Data for analysis
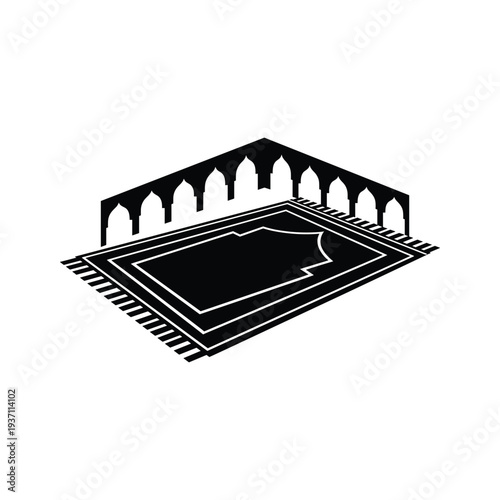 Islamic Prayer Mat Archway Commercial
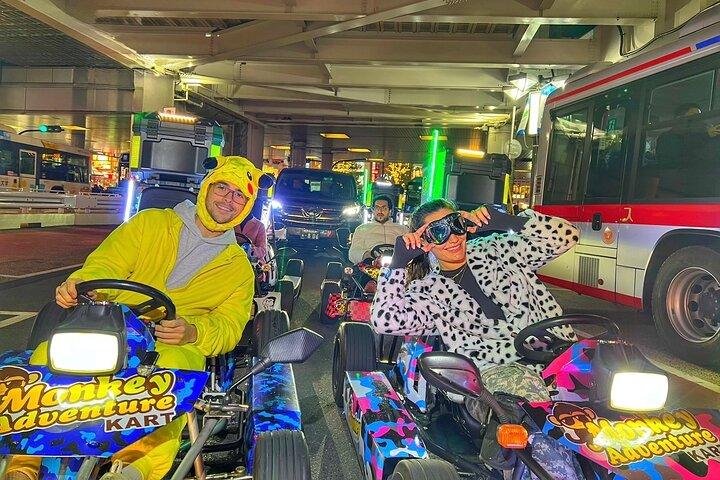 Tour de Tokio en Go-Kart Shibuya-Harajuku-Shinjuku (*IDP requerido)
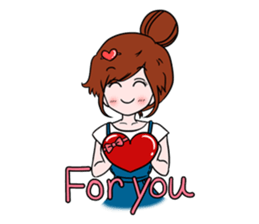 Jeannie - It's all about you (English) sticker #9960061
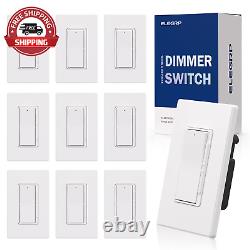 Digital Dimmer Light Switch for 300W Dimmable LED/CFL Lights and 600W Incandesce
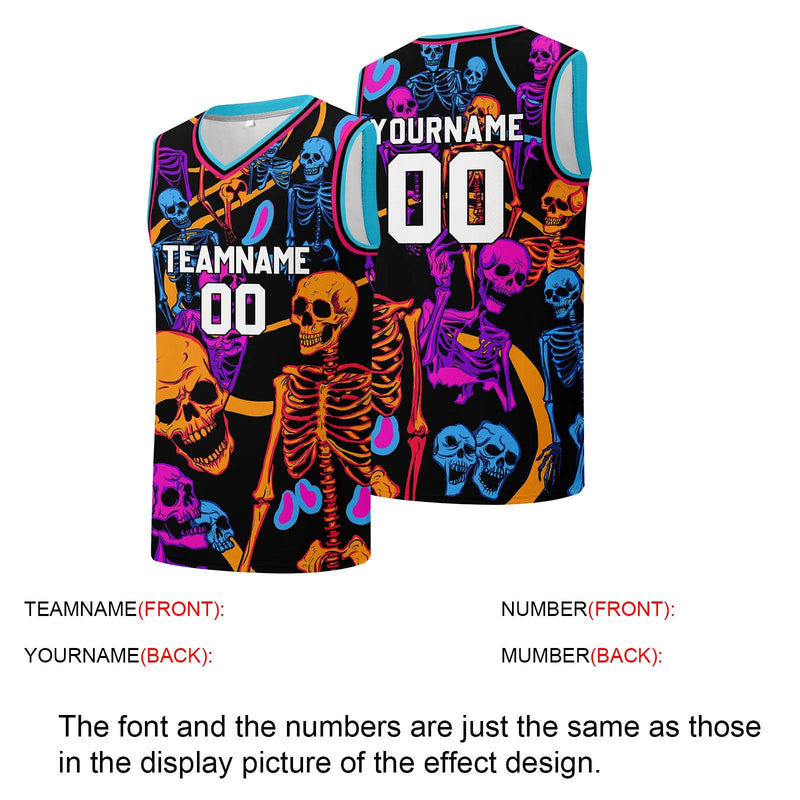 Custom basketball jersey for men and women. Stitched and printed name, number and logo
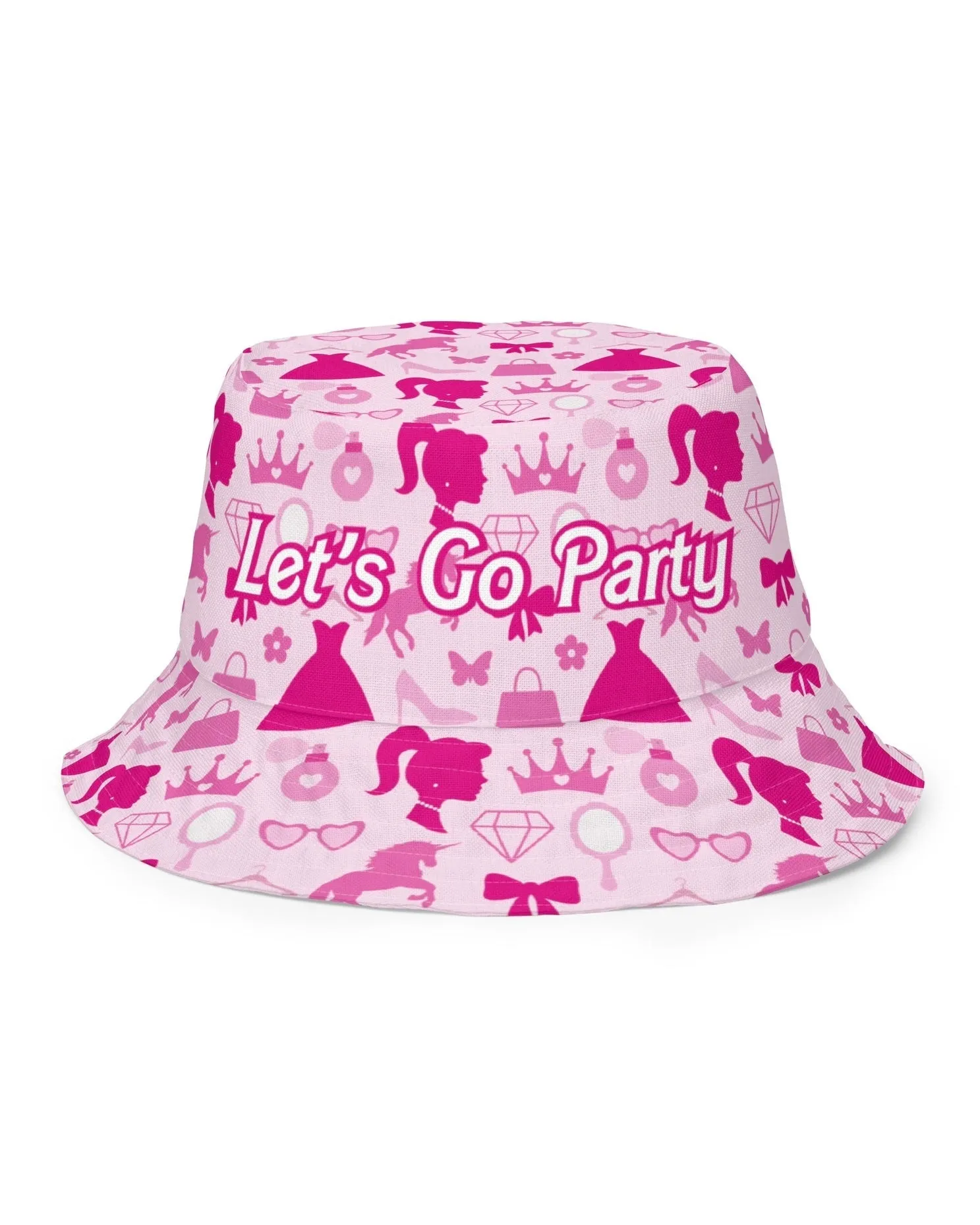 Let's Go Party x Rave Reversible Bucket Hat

Your goal
Give back exactly the lines from the opening of the listing through the line holding "Digital Dimmer Light", both ends included, with every picture omitted.

Your solution
 Islamic Prayer Mat Archway Commercial
 Tour de Tokio en Go-Kart Shibuya-Harajuku-Shinjuku (*IDP requerido)
 Jeannie - It's all about you (English) sticker #9960061
 Digital Dimmer Light Switch for 300W Dimmable LED/CFL Lights and 600W Incandesce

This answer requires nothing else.